The short horizon of some stock market analysis reveals nothing about the possibilities for outstanding returns when new technologies coalesce. We think it’s easier to spot significant points of change – and to ride the sometimes bumpy road towards them – than to try to second guess other investors quarter-to-quarter.
Capturing what matters
The intellectual underpinning of many such models is the Capital Asset Pricing Model (CAPM). At Baillie Gifford, we are puzzled as to why investors cling to this clearly disproven model as a basis for valuing financial assets. The formula assumes a company’s expected return and risk profile is always reflected in its share price, by 100 per cent rational investors with identical time horizons. It defines risk as historic share price volatility and assumes that how one stock performs relative to another is predictable from their histories. By definition it doesn’t capture what really matters – change and adaptation in the real world. Formulated in the 1960s and only ever intended by its authors as an analytical tool, CAPM has achieved undeserved immortality as a how-to guide for investment practitioners. We think it has no real connection to productive capital deployment – what we like to call Actual investing.
There might be people clever enough to consistently predict fleeting share price fluctuations and second guess the market, but it’s not a skill Baillie Gifford offers. We have no idea what stock markets will do in the next three, six or twelve months. We don’t have strong views on how a company’s share price will perform day-to-day. In a market dominated by short-term speculators, prices are set by investors trying to anticipate what each other will do next. In the short run therefore, the value of a listed company has at best a very loose relationship with the progress of the business it represents. Progress or problems justifying significant share price changes are drowned in the noise. Given that disconnection, measuring risk by reference to share price volatility just captures the wild swings of investor sentiment. In this we can truly agree that ‘past performance is no guide to the future’. Far simpler (but not easy) is to pay it no heed.
Investing is an art, not a science
We believe that investment is more art than science. The creative part lies in anticipating change at company, industry, societal and human level. It’s trying to understand what drives change and how people adopt new behaviours. It’s imagining what could go right, at least as much as what could go wrong.
The complex projections of CAPM, and related concepts such as ‘reversion to the mean’ – the theory that asset prices always return to the long-run average – are at best red herrings. At worst they obstruct an investment manager’s line of sight to the future, hampering ability to spot long-term investment opportunities.
That vision, if extended over the time-horizons needed for outsized returns, involves getting comfortable with uncertainty. Actual investors know that some companies and technologies we back will not win through. The successes, however, benefit from the asymmetric nature of stock returns: gains can be manyfold, whereas losses are limited to what you invest.

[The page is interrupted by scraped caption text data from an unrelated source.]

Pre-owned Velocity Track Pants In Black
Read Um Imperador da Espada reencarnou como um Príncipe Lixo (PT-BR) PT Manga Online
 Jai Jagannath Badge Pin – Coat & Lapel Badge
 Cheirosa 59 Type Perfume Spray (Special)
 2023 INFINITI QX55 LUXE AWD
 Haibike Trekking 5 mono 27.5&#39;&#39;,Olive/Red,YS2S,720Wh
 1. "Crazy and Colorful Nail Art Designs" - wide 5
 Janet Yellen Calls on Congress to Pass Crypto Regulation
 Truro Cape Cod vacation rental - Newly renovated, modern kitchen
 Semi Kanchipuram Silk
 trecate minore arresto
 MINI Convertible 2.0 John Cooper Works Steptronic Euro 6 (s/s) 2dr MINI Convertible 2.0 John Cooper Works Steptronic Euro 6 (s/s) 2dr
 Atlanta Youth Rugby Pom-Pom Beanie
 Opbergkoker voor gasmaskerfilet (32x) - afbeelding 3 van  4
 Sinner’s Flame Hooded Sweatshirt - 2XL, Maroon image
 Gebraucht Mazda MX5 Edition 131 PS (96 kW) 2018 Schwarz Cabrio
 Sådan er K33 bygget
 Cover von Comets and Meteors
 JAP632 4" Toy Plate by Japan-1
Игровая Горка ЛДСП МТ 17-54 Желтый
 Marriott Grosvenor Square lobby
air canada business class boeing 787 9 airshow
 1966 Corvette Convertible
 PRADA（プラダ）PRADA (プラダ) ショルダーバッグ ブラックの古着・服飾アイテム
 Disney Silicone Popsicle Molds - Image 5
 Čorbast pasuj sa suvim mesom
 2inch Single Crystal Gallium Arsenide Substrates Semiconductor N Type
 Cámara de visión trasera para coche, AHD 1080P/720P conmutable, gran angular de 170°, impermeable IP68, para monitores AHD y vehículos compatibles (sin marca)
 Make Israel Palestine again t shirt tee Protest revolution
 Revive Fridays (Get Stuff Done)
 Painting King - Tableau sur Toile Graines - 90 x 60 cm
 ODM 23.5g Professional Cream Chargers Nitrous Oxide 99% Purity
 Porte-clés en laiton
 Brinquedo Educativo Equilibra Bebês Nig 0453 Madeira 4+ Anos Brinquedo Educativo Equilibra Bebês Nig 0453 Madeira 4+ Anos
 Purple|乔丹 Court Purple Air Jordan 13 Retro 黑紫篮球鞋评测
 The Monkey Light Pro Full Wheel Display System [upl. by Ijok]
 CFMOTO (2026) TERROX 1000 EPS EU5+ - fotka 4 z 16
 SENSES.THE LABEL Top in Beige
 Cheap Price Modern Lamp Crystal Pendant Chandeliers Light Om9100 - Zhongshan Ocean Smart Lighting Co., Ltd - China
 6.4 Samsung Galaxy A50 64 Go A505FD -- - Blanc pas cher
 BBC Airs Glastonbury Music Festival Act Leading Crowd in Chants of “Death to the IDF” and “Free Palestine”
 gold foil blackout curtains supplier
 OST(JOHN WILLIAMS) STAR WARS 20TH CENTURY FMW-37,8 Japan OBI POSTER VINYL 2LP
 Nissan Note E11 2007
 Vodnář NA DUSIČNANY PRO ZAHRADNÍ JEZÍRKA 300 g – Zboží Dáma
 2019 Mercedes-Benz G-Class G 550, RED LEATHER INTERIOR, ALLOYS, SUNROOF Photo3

Seeking out the opportunities
Actual investors think in terms of decades, because it’s only over longer periods that those signals form a clear picture. Companies that most successfully grasp scalable opportunities will eventually have the strongest share prices.
So, the way to mitigate uncertainty is not through the pseudo-science of CAPM and its equivalents, but through a better understanding of the opportunities available to entrepreneurial businesses. These can emerge from accelerating technological progress or new business models. We strive to understand how companies might capture such opportunities and, by dialogue with management, assess whether they can pull the levers to make it happen.
To be clear: Actual investors should be looking for businesses capable of sustaining progress over decades.
Points we consider include the size of the opportunity, the adaptability and quality and commitment of management (founder-managers often score highly here). We look at whether or not the firm has a sustainable competitive advantage. If we can see these factors clearly enough we care less about quarter-by-quarter fluctuations and what CAPM might or might not reveal. Understanding the intrinsic qualities of a business and the world in which they will compete in the longer term, make it easier to make predictions over ten years than over a few financial quarters.
For Actual investors, the issue with the short horizon of some stock market analysis is that this reveals nothing about the possibilities for outstanding returns when new technologies coalesce. Baillie Gifford claims no privileged intuition about the future. We do however think it’s easier to spot significant points of change – and to ride the sometimes bumpy road towards them – than to try to second guess other investors quarter-to-quarter.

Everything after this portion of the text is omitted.